Google Analytics, a popular tool for analyzing website visitation and what users are most frequently engaging with, may be off-limits to foreign organizations that collect the data of European Union (EU) web users. Under the terms set by the Schrems II ruling, the Austrian data protection authority (DPA) has determined that the data it collects is sufficient to potentially identify individuals and thus constitutes a General Data Protection Regulation (GDPR) violation.
Google Analytics, thought to be an anonymous tool, found inadequate by Austrian DPA
The Schrems II ruling established that the personal data of EU residents cannot be transferred to foreign countries unless those countries have data privacy laws considered equivalent to the protections offered by the GDPR.
Google Analytics collects a number of granular data points that are specific to individuals; for example, what search terms they might have used to reach the webpage or what series of pages they clicked on while visiting. However, the Google Analytics panel is not supposed to tell the site administrator anything that identifies those users (beyond an extremely general location). Thus, use of it was widely considered to not be a risk for a GDPR violation.
However, the Austrian DPA found that the IP addresses and identifiers in cookie data were sufficiently personal to constitute a GDPR violation. The IP addresses can be anonymized, but this must be proactively requested by the Google Analytics user. The Austrian DPA said that the website it was examining, a health site based in Austria called netdoktor.at, had apparently attempted to enable anonymization but did not configure it correctly.
Cookies are also an issue as they are an option for Google Analytics users to identify an individual user across multiple sessions on the website. They do not have access to other identifiers that Google stores, nor can they use this information to track a user across other sites or devices, but the collected cookie information from their site is passed on to and used by Google in the United States.
Because all of this information is transferred to Google overseas, the Austrian DPA found in favor of a GDPR violation. While an individual website in the EU would not be able to identify individual users by using the information Google Analytics provides, the information they pass on to Google overseas constitutes “puzzle pieces” that could be put together by the tech giant to identify someone.
As Chris Olson, CEO at The Media Trust, notes: “Moving forward, CMPs, encryption-at-rest and other workarounds for data privacy laws just won’t cut it. Businesses have only one way to guarantee their visitors’ privacy and avoid costly fines: understand the code that is executing on your website, continually scan for violations, and vet your third parties for data privacy practices.”
GDPR violation stems from US government interception of overseas data
The Schrems II ruling directly stems from a combination of laws on the books that authorize the US government to intercept incoming foreign data, and the Edward Snowden leaks of 2013 indicating the bulk harvesting of this type of data by the country’s intelligence agencies. While the ruling applies to all organizations and all countries, it came about due to the practices of US tech giants.

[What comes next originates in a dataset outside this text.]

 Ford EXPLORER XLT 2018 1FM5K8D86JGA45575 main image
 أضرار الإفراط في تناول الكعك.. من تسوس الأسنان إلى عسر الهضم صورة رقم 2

Google is not the only company dealing with this issue, and many have tried legal workarounds since the ruling was handed down (such as “encryption at rest” schemes and pseudonymization). The Austrian DPA examined the methods used by Google and said they were inadequate. All of the measures are invalidated by the fact that Google itself, based in the US, eventually has the ability to combine and view all of this data in plain text. A specific US law, Section 702 of the Foreign Intelligence Surveillance Act (FISA), grants the government broad access to the data of foreign parties stored by tech giants in this way. However, though Google is the party ultimately seen as putting the data at risk, the onus of not transferring it to them is on the individual website making use of Google Analytics.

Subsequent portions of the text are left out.